2021-08-24 12:22:51,621 INFO [pretrained.py:119] {'feature_dim': 23, 'num_classes': 4, 'sample_rate': 8000, 'search_beam': 20, 'output_beam': 8, 'min_active_states': 30, 'max_active_states': 10000, 'use_double_scores': True, 'checkpoint': './tmp/icefall_asr_yesno_tdnn/pretrained.pt', 'words_file': './tmp/icefall_asr_yesno_tdnn/lang_phone/words.txt', 'HLG': './tmp/icefall_asr_yesno_tdnn/lang_phone/HLG.pt', 'sound_files': ['./tmp/icefall_asr_yesno_tdnn/test_waves/0_0_1_0_1_0_0_1.wav']}
2021-08-24 12:22:51,645 INFO [pretrained.py:125] device: cpu
2021-08-24 12:22:51,645 INFO [pretrained.py:127] Creating model
2021-08-24 12:22:51,650 INFO [pretrained.py:139] Loading HLG from ./tmp/icefall_asr_yesno_tdnn/lang_phone/HLG.pt
2021-08-24 12:22:51,651 INFO [pretrained.py:143] Constructing Fbank computer
2021-08-24 12:22:51,652 INFO [pretrained.py:153] Reading sound files: ['./tmp/icefall_asr_yesno_tdnn/test_waves/0_0_1_0_1_0_0_1.wav']
2021-08-24 12:22:51,684 INFO [pretrained.py:159] Decoding started
2021-08-24 12:22:51,708 INFO [pretrained.py:198]
./tmp/icefall_asr_yesno_tdnn/test_waves/0_0_1_0_1_0_0_1.wav:
NO NO YES NO YES NO NO YES


2021-08-24 12:22:51,708 INFO [pretrained.py:200] Decoding Done

You can see that for the sound file 0_0_1_0_1_0_0_1.wav, the decoding result is NO NO YES NO YES NO NO YES.

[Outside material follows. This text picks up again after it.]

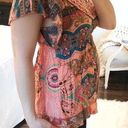 Live and let live  Blouse boho floral glam sequin top Photo 0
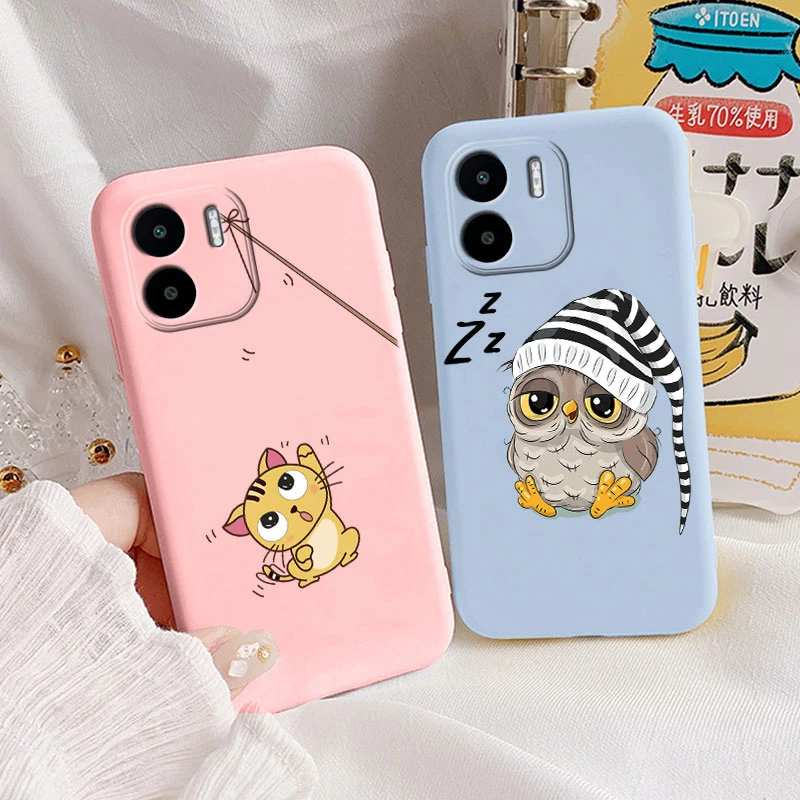 Funda de silicona encantador Animal gato para Redmi A1 A2 funda de teléfono suave dibujos de perros Fundas funda Shell para Xiaomi RedmiA1 A 2 Coque - imagen 4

To decode multiple files at the same time, you can use

./tdnn/pretrained.py \
  --checkpoint ./tmp/icefall_asr_yesno_tdnn/pretrained.pt \
  --words-file ./tmp/icefall_asr_yesno_tdnn/lang_phone/words.txt \
  --HLG ./tmp/icefall_asr_yesno_tdnn/lang_phone/HLG.pt \
  ./tmp/icefall_asr_yesno_tdnn/test_waves/0_0_1_0_1_0_0_1.wav \
  ./tmp/icefall_asr_yesno_tdnn/test_waves/1_0_1_1_0_1_1_1.wav

The decoding output is:

2021-08-24 12:25:20,159 INFO [pretrained.py:119] {'feature_dim': 23, 'num_classes': 4, 'sample_rate': 8000, 'search_beam': 20, 'output_beam': 8, 'min_active_states': 30, 'max_active_states': 10000, 'use_double_scores': True, 'checkpoint': './tmp/icefall_asr_yesno_tdnn/pretrained.pt', 'words_file': './tmp/icefall_asr_yesno_tdnn/lang_phone/words.txt', 'HLG': './tmp/icefall_asr_yesno_tdnn/lang_phone/HLG.pt', 'sound_files': ['./tmp/icefall_asr_yesno_tdnn/test_waves/0_0_1_0_1_0_0_1.wav', './tmp/icefall_asr_yesno_tdnn/test_waves/1_0_1_1_0_1_1_1.wav']}
2021-08-24 12:25:20,181 INFO [pretrained.py:125] device: cpu
2021-08-24 12:25:20,181 INFO [pretrained.py:127] Creating model
2021-08-24 12:25:20,185 INFO [pretrained.py:139] Loading HLG from ./tmp/icefall_asr_yesno_tdnn/lang_phone/HLG.pt
2021-08-24 12:25:20,186 INFO [pretrained.py:143] Constructing Fbank computer
2021-08-24 12:25:20,187 INFO [pretrained.py:153] Reading sound files: ['./tmp/icefall_asr_yesno_tdnn/test_waves/0_0_1_0_1_0_0_1.wav',
'./tmp/icefall_asr_yesno_tdnn/test_waves/1_0_1_1_0_1_1_1.wav']
2021-08-24 12:25:20,213 INFO [pretrained.py:159] Decoding started
2021-08-24 12:25:20,287 INFO [pretrained.py:198]
./tmp/icefall_asr_yesno_tdnn/test_waves/0_0_1_0_1_0_0_1.wav:
NO NO YES NO YES NO NO YES

./tmp/icefall_asr_yesno_tdnn/test_waves/1_0_1_1_0_1_1_1.wav:
YES NO YES YES NO YES YES YES

2021-08-24 12:25:20,287 INFO [pretrained.py:200] Decoding Done

You can see again that it decodes correctly.

Colab notebook

We do provide a colab notebook for this recipe.

Congratulations! You have finished the simplest speech recognition recipe in icefall.